HSPA5/BiP/GRP78 O Plasmídeo de Nickase Dupla (m) consiste num par de plasmídeos combinados, concebidos para a edição de alta especificidade do locus Hspa5 em linhas celulares mouse. Cada plasmídeo expressa uma nickase Cas9 D10A e um sgRNA distinto que tem como alvo cadeias de ADN opostas dentro de Hspa5. Quando direcionadas para locais adjacentes em cadeias de ADN opostas, as duas nickases geram cortes deslocados numa única cadeia que, em conjunto, produzem uma quebra escalonada de cadeia dupla, exigindo uma atividade coordenada no alvo por parte de ambas as guias. A quebra de ADN resultante é resolvida por vias de reparação celular endógenas, mais frequentemente através da junção de extremidades não homólogas (NHEJ), levando a inserções ou deleções que perturbam a função Hspa5. Ao exigir o envolvimento de dois sgRNA no locus alvo, a abordagem de dupla nickase aumenta a especificidade da edição e fornece uma estratégia CRISPR complementar para aplicações em que se deseja um controlo adicional sobre a precisão do direcionamento.

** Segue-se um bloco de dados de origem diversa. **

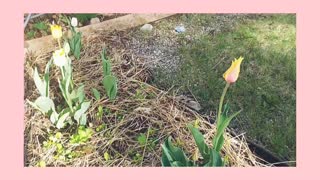 Tulips 🌷, gardening update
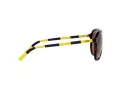 Polo Lunettes de Soleil PH 4173 5003/73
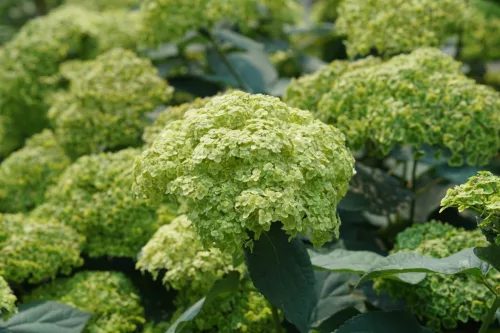 Cserjés hortenzia "Sublime Annabelle" - Hydrangea Arborescens K3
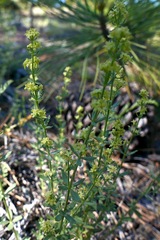Galium serpenticum scotticum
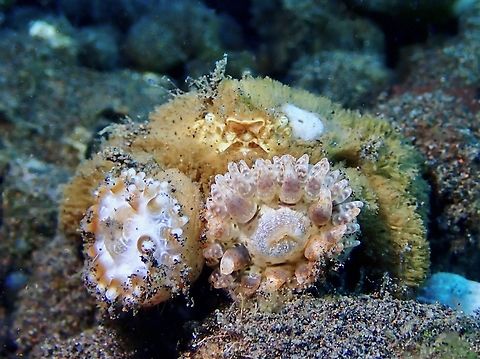 Not the Crab! Sea Anemone - Telmatactis decora Anemone,Bali,Indonesia,Sea Anemone,Telmatactis decora,Tulamben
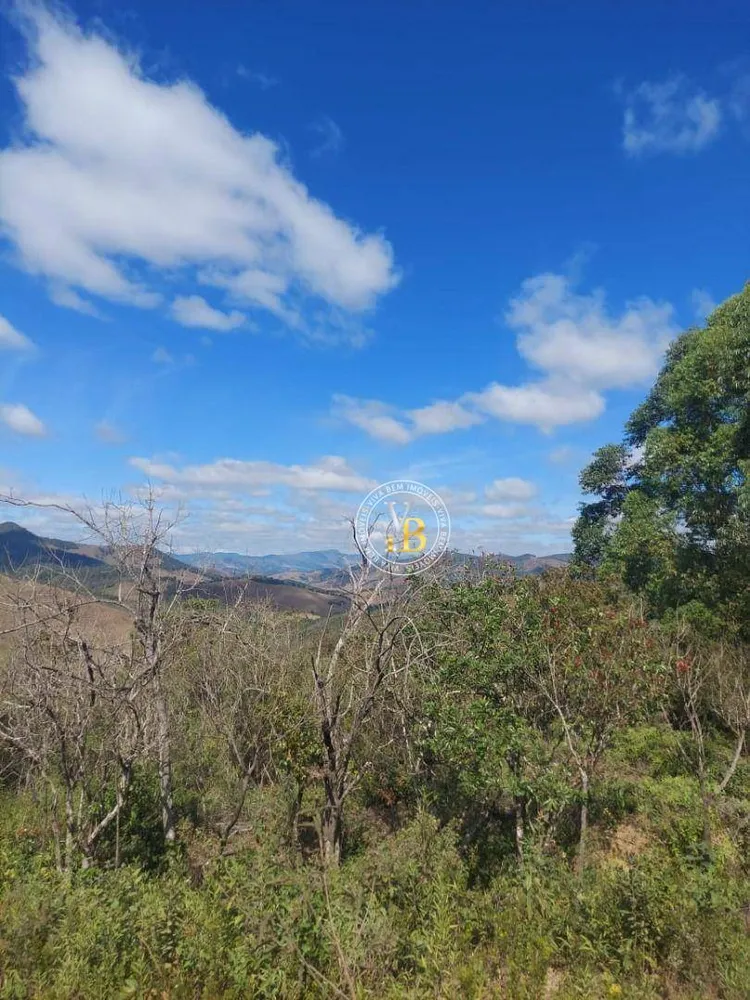 Terreno, 3 hectares - Foto 7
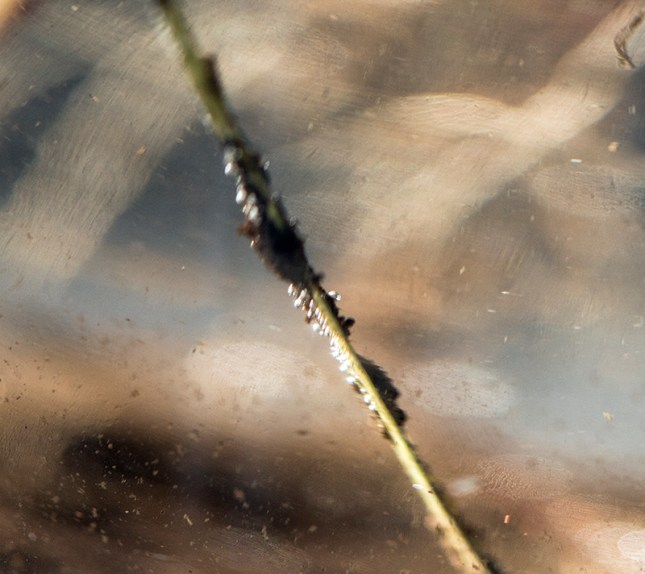 Eleocharis bubbles2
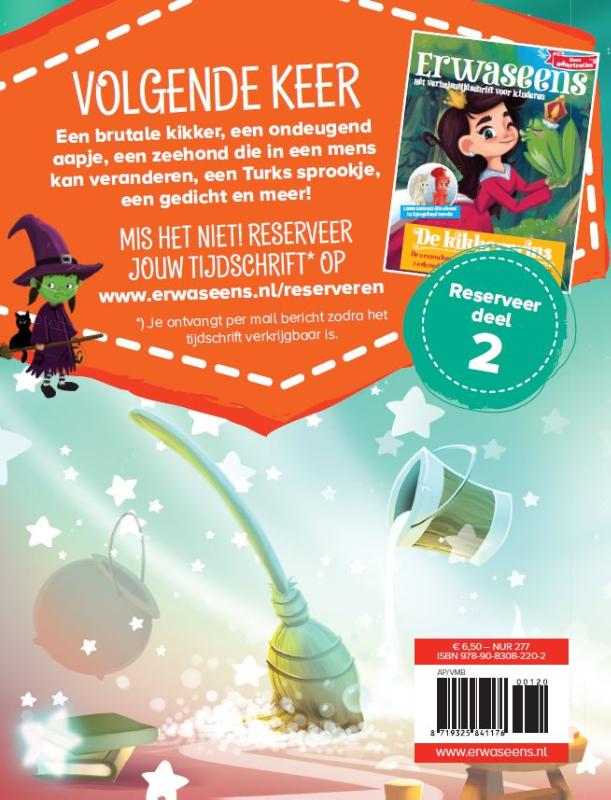De tovenaarsleerling (Paperback) De tovenaarsleerling (Paperback)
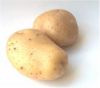 Sell pakistani Fresh Potatoes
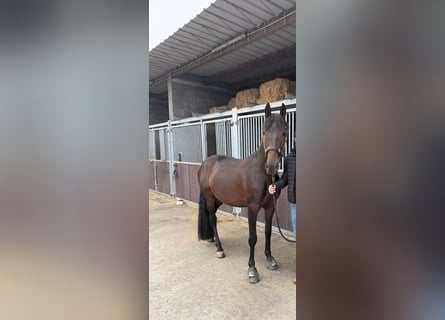 PRE Mix, Ruin, 5 Jaar, 160 cm, Donkerbruin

Para apoiar a identificação eficiente das células editadas, um plasmídeo codifica GFP para visualização fluorescente das populações transfectadas, enquanto o plasmídeo complementar transporta um gene de resistência à puromicina para seleção antibiótica. Em conjunto, estas características apoiam o enriquecimento eficiente das populações co-transfectadas e simplificam a validação dos clones com Hspa5 interrompido.
Apenas para uso em investigação. Não se destina a uso diagnóstico ou terapêutico.